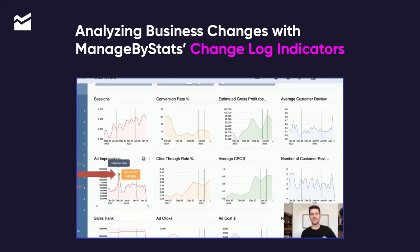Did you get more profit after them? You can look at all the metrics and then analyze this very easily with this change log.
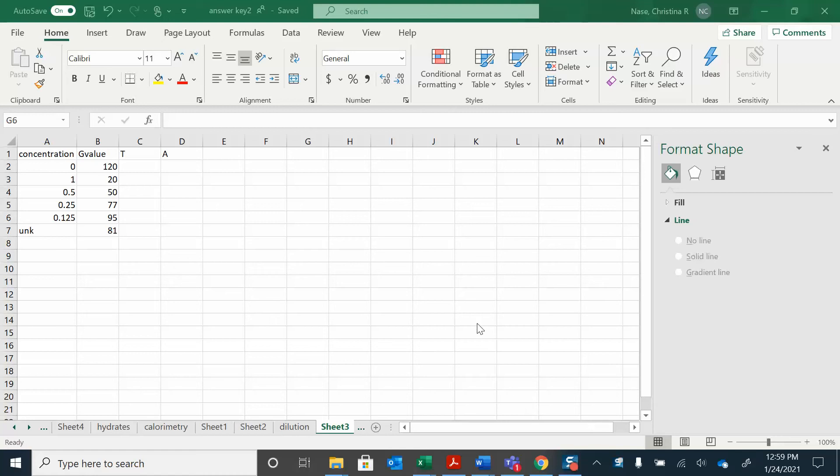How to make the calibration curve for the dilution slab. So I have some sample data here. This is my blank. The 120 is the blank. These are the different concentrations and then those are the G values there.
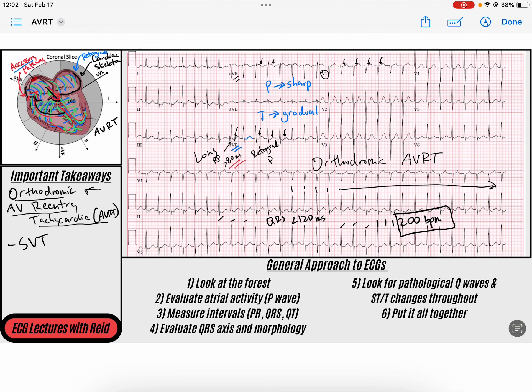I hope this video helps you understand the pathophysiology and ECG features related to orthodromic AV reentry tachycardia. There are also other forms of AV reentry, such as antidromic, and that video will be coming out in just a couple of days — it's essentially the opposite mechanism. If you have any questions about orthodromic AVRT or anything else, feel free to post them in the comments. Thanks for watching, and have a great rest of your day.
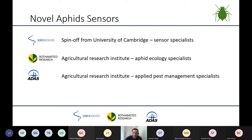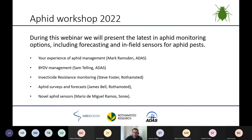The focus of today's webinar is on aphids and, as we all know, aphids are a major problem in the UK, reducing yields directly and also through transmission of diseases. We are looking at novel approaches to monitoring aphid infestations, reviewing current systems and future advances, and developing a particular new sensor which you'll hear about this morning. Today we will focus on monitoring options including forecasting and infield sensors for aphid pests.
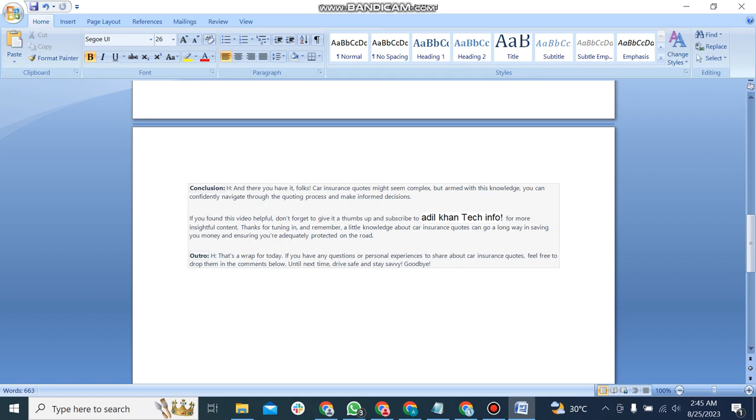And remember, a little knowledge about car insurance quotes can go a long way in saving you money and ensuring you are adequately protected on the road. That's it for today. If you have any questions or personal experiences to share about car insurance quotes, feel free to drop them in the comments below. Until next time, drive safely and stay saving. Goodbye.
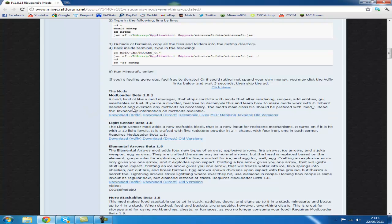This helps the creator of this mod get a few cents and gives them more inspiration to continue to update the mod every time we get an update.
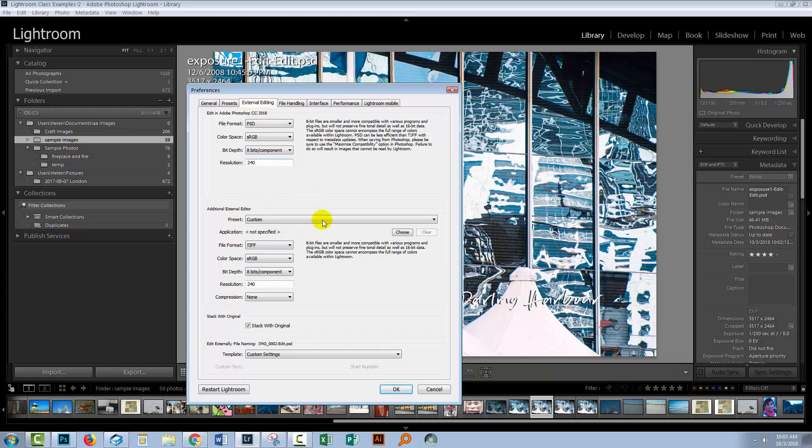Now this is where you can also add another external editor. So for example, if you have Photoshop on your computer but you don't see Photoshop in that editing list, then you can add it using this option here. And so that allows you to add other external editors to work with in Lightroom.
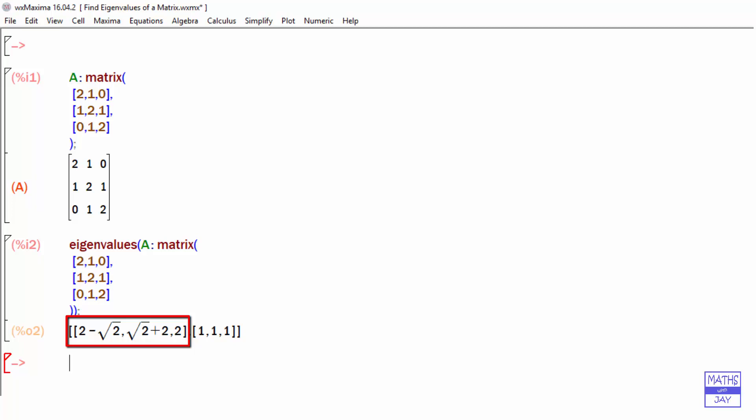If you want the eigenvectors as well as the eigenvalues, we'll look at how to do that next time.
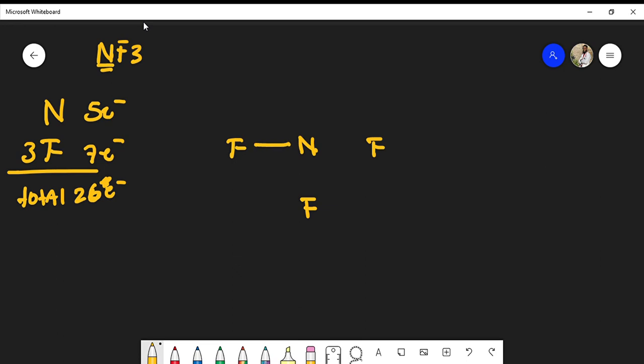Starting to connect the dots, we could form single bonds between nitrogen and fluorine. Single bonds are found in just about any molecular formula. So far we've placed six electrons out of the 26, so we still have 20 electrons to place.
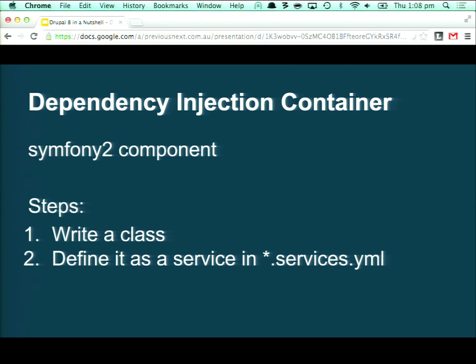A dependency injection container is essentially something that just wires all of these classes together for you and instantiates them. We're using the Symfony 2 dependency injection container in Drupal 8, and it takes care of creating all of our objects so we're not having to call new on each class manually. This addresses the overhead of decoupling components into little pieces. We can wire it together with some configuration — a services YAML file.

· · · · ·

• _Exercise goal_: Omit the pictures and copy the records above exactly.

• _Answer for this exercise_:
Did you get more profit after them? You can look at all the metrics and then analyze this very easily with this change log.
How to make the calibration curve for the dilution slab. So I have some sample data here. This is my blank. The 120 is the blank. These are the different concentrations and then those are the G values there.
I hope this video helps you understand the pathophysiology and ECG features related to orthodromic AV reentry tachycardia. There are also other forms of AV reentry, such as antidromic, and that video will be coming out in just a couple of days — it's essentially the opposite mechanism. If you have any questions about orthodromic AVRT or anything else, feel free to post them in the comments. Thanks for watching, and have a great rest of your day.
The focus of today's webinar is on aphids and, as we all know, aphids are a major problem in the UK, reducing yields directly and also through transmission of diseases. We are looking at novel approaches to monitoring aphid infestations, reviewing current systems and future advances, and developing a particular new sensor which you'll hear about this morning. Today we will focus on monitoring options including forecasting and infield sensors for aphid pests.
And remember, a little knowledge about car insurance quotes can go a long way in saving you money and ensuring you are adequately protected on the road. That's it for today. If you have any questions or personal experiences to share about car insurance quotes, feel free to drop them in the comments below. Until next time, drive safely and stay saving. Goodbye.
This helps the creator of this mod get a few cents and gives them more inspiration to continue to update the mod every time we get an update.
Now this is where you can also add another external editor. So for example, if you have Photoshop on your computer but you don't see Photoshop in that editing list, then you can add it using this option here. And so that allows you to add other external editors to work with in Lightroom.
If you want the eigenvectors as well as the eigenvalues, we'll look at how to do that next time.
Starting to connect the dots, we could form single bonds between nitrogen and fluorine. Single bonds are found in just about any molecular formula. So far we've placed six electrons out of the 26, so we still have 20 electrons to place.
A dependency injection container is essentially something that just wires all of these classes together for you and instantiates them. We're using the Symfony 2 dependency injection container in Drupal 8, and it takes care of creating all of our objects so we're not having to call new on each class manually. This addresses the overhead of decoupling components into little pieces. We can wire it together with some configuration — a services YAML file.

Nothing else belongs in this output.